#### YOUR OBJECTIVE
Begin your copy at the line with "view of swimming pool with a yard" in the records below and end it at the line with "and six chairs", restating each line word for word; omit the pictures.

#### RECORDS FOR THE EXERCISE
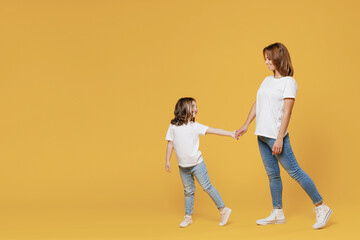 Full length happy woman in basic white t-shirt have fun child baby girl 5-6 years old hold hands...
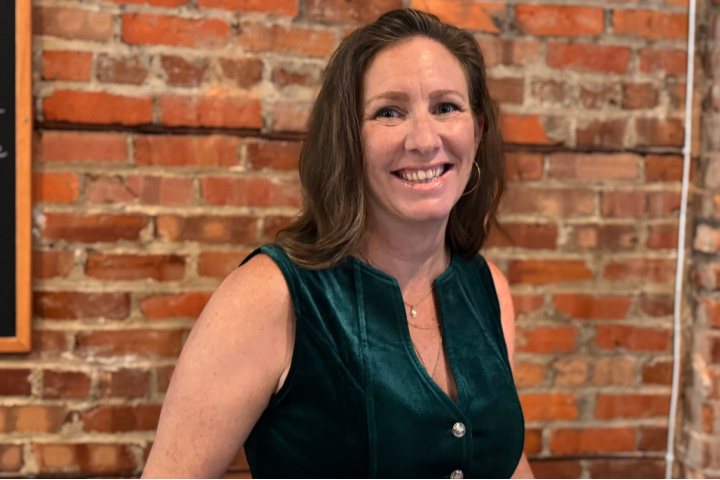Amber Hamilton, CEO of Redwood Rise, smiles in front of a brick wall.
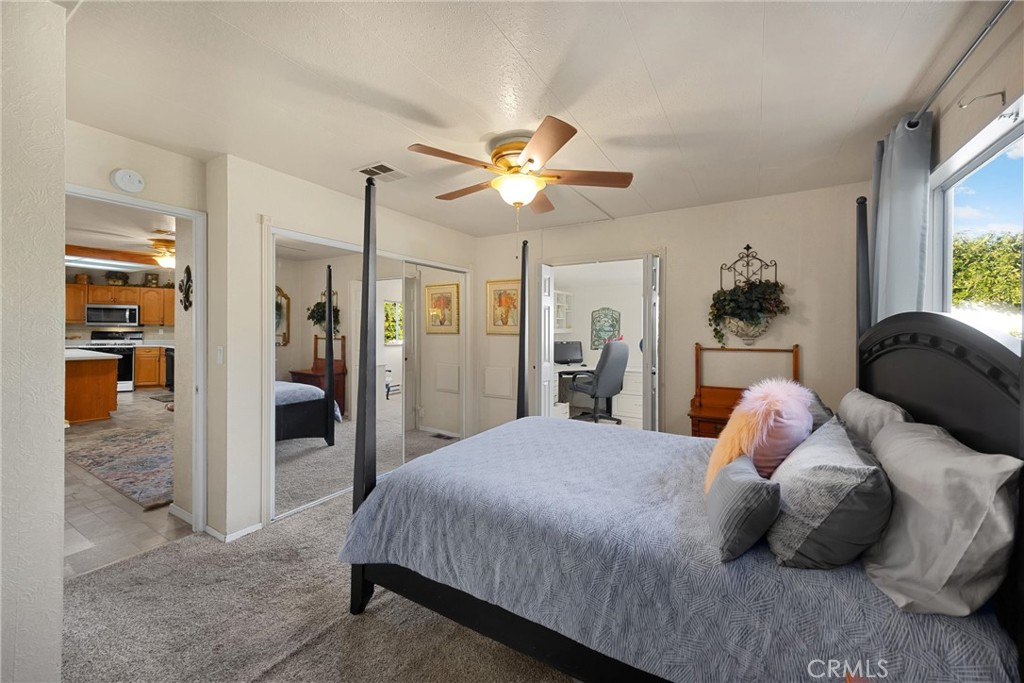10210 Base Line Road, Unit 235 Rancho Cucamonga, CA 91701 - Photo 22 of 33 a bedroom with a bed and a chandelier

...

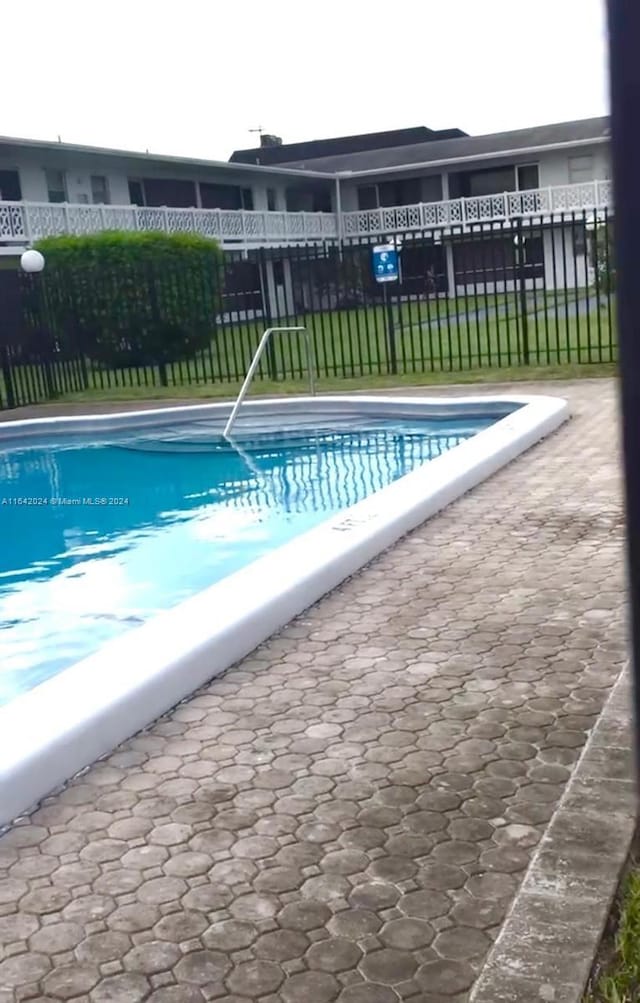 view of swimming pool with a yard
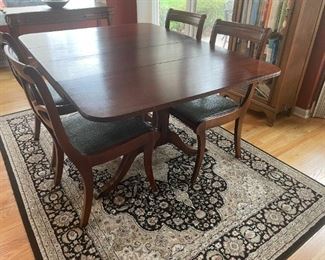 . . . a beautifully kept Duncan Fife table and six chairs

...

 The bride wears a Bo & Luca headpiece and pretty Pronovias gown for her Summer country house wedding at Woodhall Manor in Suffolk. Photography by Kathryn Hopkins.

#### RESULT FOR THIS TASK
 view of swimming pool with a yard
 . . . a beautifully kept Duncan Fife table and six chairs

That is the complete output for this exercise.